[Start of section]

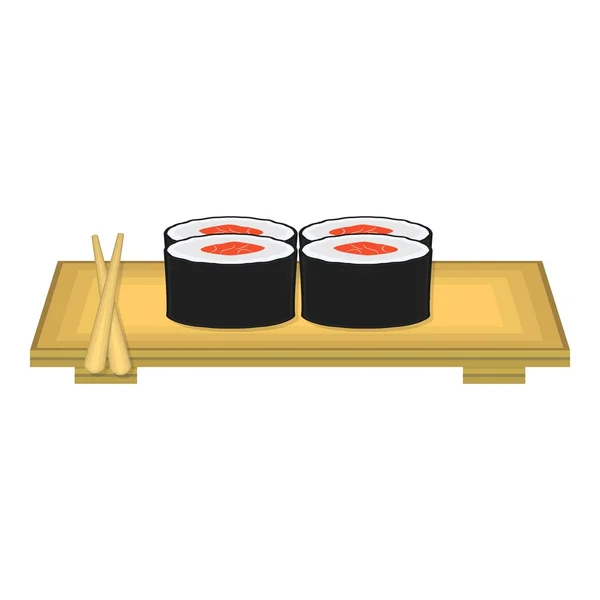 Icono de sushi en estilo de dibujos animados aislado sobre fondo blanco. Japón símbolo stock vector ilustración . — Vector de stock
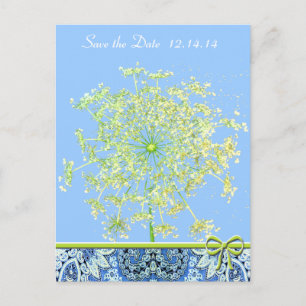 Save the Date Königin Anne's Lace Lapis Blue Green Ankündigungspostkarte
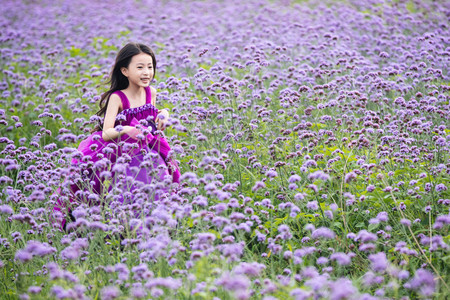 快乐的小女孩在花海里奔跑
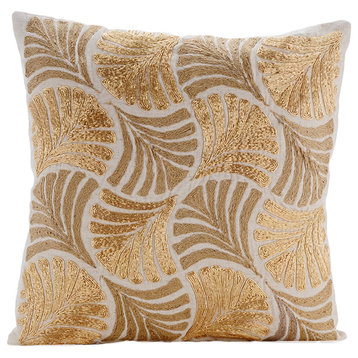 Gold Chair Cushions Ginkgo 20"x20" Cotton Linen Zardozi, Gold Ginko Leaves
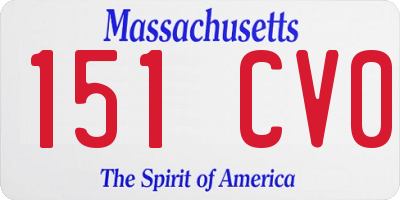 MA license plate 151CV0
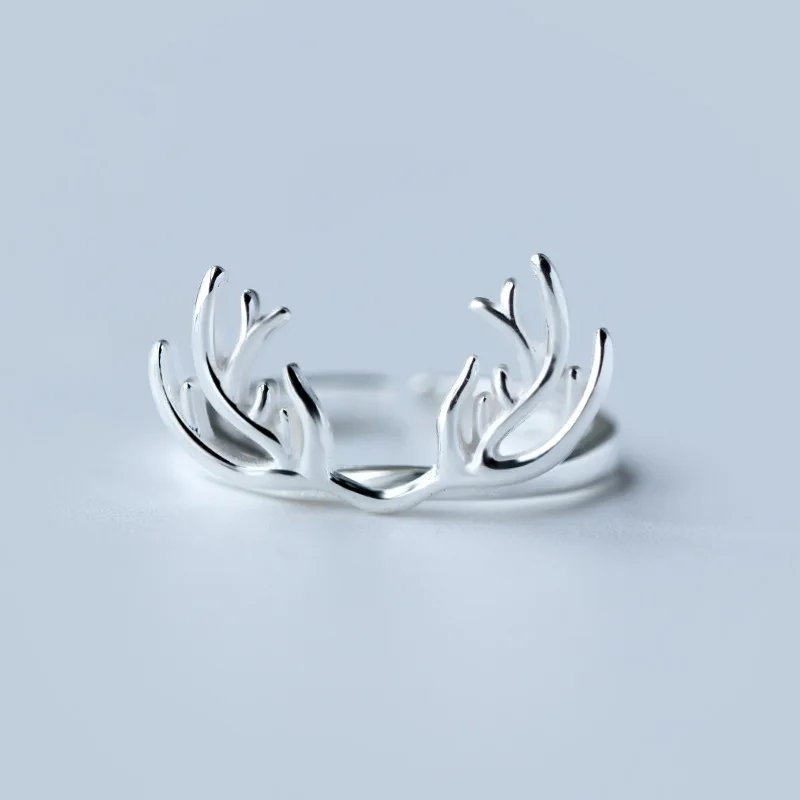 Женские кольца с оленем и рогами серебристые регулируемого размера модные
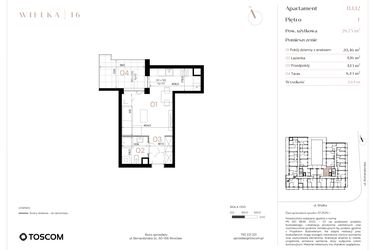 Rzut - Mieszkanie na sprzedaż 1 pokój o powierzchni 28,75 m² - numer B/1/12 w Wielka 16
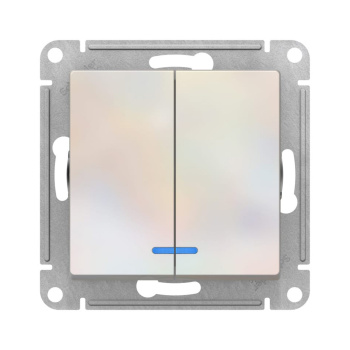 Механизм выключателя 2-кл. ATLAS DESIGN (сх.5а) 10АХ с подсвет.жемчуг SchE ATN000453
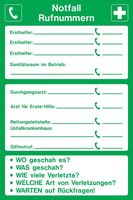 Notfall- und Notruf-Hinweisschild - Grün, 15 x 10 cm, Folie, Selbstklebend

[End of section]

■ DIRECTIONS ■
Could you reproduce exactly the lines running from the one with "Save the Date" through the final line of the listing above, both included, and drop the pictures?

■ EXERCISE RESULT ■
 Save the Date Königin Anne's Lace Lapis Blue Green Ankündigungspostkarte
 快乐的小女孩在花海里奔跑
 Gold Chair Cushions Ginkgo 20"x20" Cotton Linen Zardozi, Gold Ginko Leaves
 MA license plate 151CV0
 Женские кольца с оленем и рогами серебристые регулируемого размера модные
 Rzut - Mieszkanie na sprzedaż 1 pokój o powierzchni 28,75 m² - numer B/1/12 w Wielka 16
 Механизм выключателя 2-кл. ATLAS DESIGN (сх.5а) 10АХ с подсвет.жемчуг SchE ATN000453
 Notfall- und Notruf-Hinweisschild - Grün, 15 x 10 cm, Folie, Selbstklebend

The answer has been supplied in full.